> Stored data

★ ★ ★ ★ ★

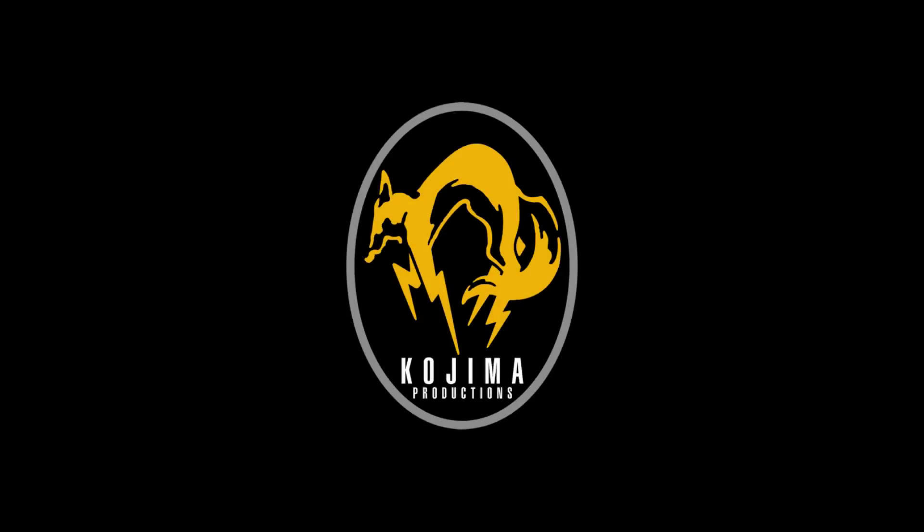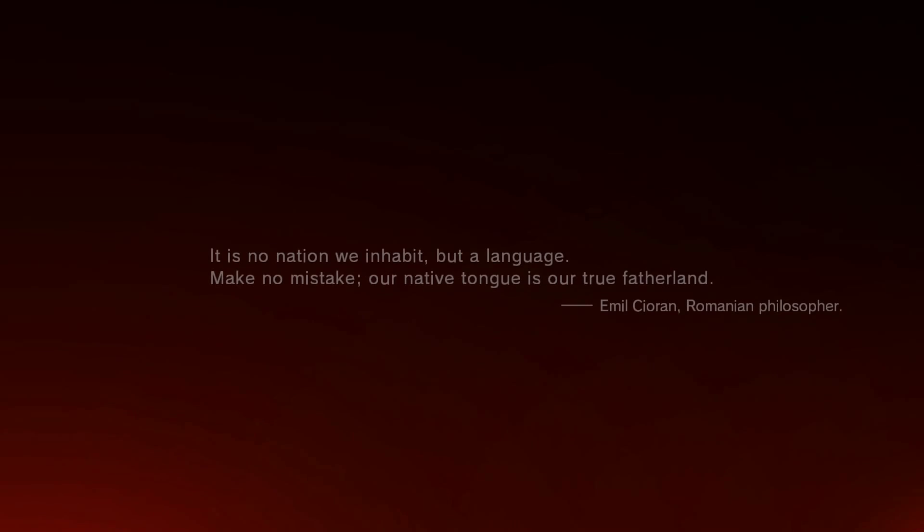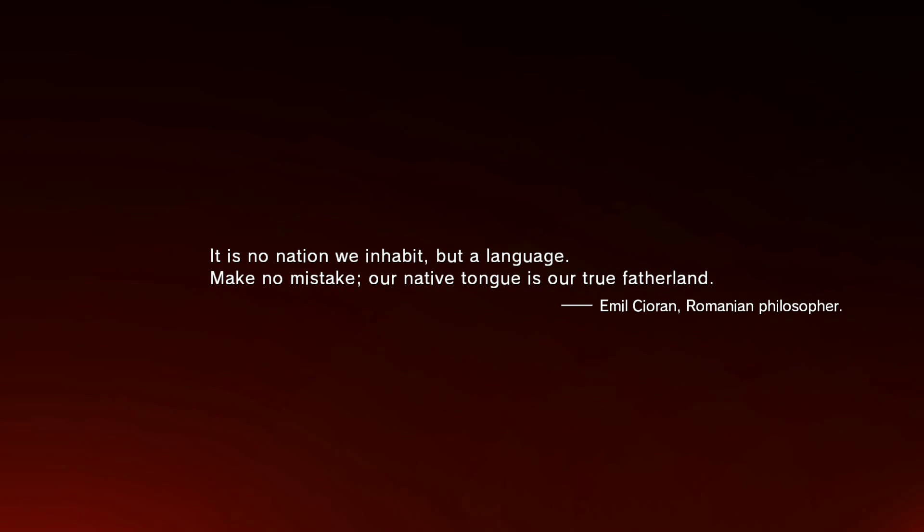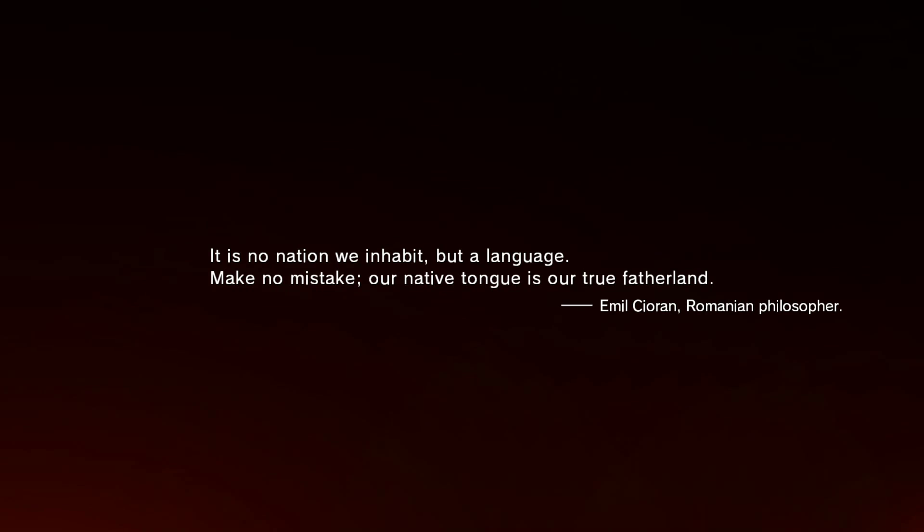Mayday! Mayday! Controls unresponsive! Tower, do you read? Shit! Calms are down! To be continued...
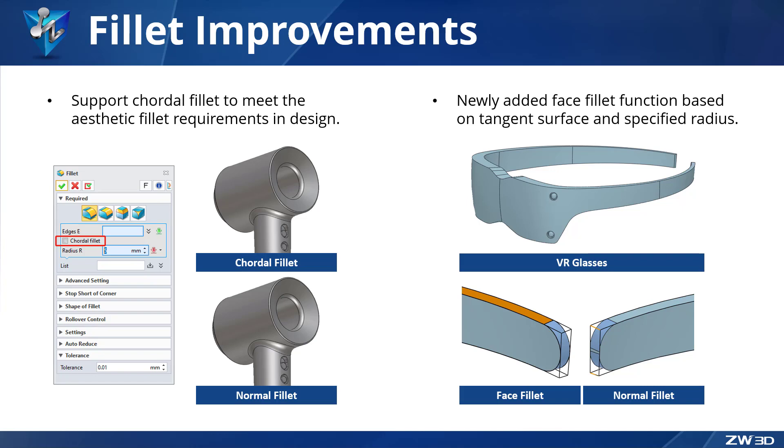To help designers create fillets on non-parallel surfaces, the Face Fillet function has also been added.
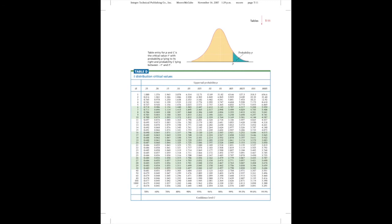First, find your preferred degree of confidence at the bottom. Next, take your sample size and subtract 1. This is your degrees of freedom,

★ ★ ★ ★ ★

> Aim of the exercise
Return the listing unchanged, but drop every picture.

> Task result
Mayday! Mayday! Controls unresponsive! Tower, do you read? Shit! Calms are down! To be continued...
To help designers create fillets on non-parallel surfaces, the Face Fillet function has also been added.
First, find your preferred degree of confidence at the bottom. Next, take your sample size and subtract 1. This is your degrees of freedom,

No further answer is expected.